It's less that MMO's are going down, but rather WoW is starting to crash and burn

It'll actually be interesting to see what pops up after it collapses in the next few years

hopefully nothing

Because ever since WoW devs just copy WoW. All of the exotic and interesting MMOs before that were never iterated, and we certainly get nothing original.

It is not.
It's just a trend on this board to hate mmos and shit on them regardless of their actual quality.
Yet every second one of you play at least one MMO and you fucking now that successful ones are alive and kicking?

Every fucking time.
Holla Forums truly is a tsundere in community form.

Yes we are.

They all are following the same formula.
All full of questlines and a linear story.

I remember when shit was super open and free with lots of options, you could do whatever you wanted when you wanted as long as you could actually do it without dieing, with the lore being hidden in monsters, items and NPC dialogue for NPC that almost always didn't have actual quests, just hints and gossip about the game world.
Nowadays you're stuck in whatever themed map the devs made for your level range, doing obligatory fetch quests to some asshole NPC, going in a straight line from map to map until you reach max level.

I remember the Project Gorgon threads, the combat was horrible, the graphics sucked ass, the character creation a joke and so on.
But everyone was having a blast with the game.
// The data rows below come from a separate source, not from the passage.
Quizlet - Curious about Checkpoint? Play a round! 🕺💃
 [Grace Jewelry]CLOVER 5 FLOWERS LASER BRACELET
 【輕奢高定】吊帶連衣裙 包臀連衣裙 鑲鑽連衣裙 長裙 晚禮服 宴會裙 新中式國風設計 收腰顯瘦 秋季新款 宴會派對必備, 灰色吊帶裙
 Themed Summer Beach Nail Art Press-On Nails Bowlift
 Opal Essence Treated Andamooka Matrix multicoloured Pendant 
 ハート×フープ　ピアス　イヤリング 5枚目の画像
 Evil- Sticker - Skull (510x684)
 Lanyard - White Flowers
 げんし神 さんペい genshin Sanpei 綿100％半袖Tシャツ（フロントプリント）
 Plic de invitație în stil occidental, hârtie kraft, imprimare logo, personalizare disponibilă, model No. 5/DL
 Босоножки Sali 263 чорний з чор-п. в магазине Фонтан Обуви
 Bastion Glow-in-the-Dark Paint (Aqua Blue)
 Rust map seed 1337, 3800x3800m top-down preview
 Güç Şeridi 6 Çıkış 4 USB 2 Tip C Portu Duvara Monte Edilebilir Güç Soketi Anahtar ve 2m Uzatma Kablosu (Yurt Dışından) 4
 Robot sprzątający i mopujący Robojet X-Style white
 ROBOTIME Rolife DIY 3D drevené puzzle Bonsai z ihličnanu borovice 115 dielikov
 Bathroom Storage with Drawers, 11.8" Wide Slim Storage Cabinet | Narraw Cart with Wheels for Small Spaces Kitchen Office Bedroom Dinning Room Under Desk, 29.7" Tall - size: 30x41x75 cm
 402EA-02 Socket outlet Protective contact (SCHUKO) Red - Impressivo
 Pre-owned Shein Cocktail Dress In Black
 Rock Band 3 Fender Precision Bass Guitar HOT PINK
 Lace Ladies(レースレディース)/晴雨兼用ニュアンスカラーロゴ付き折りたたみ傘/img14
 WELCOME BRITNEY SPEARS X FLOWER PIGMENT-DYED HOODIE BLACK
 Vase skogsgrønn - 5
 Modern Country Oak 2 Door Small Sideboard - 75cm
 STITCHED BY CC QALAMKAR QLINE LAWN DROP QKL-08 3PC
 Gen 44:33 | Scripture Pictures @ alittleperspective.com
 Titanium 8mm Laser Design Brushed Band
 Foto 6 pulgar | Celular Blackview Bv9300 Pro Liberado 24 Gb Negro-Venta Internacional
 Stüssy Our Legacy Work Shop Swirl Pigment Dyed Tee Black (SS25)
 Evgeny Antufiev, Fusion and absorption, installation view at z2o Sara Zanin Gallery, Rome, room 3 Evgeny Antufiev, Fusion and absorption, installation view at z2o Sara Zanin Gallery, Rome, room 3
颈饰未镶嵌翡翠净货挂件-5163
It had no clear objectives other than a very dismissable main questline and you just went around exploring, hunting, farming, fishing, searching hidden NPCs to see if they had something for you and having your character grow while doing it.


People make do with what they have, if they want to play MMOs they will, but it won't make the MMOs any better.

Those were the best MMOs. When the attraction to a "masively multiplayer" were the players and you had the freedom to make your own fun. I hate questing and I often wonder how different things would have been had EverQuest not popularized it.

I like FF XIV and wish WoW wasn't dying since all the wow kiddies are shitting up the servers now that they are fleeing a sinking ship.

Haven't really played any MMOs in 5 years.

You noticed a influx of retards too?

The best part is when they think their WoW knowledge will help them and they only end up fucking everyone over. Its nice there's more players but for fuck's sake learn your shit.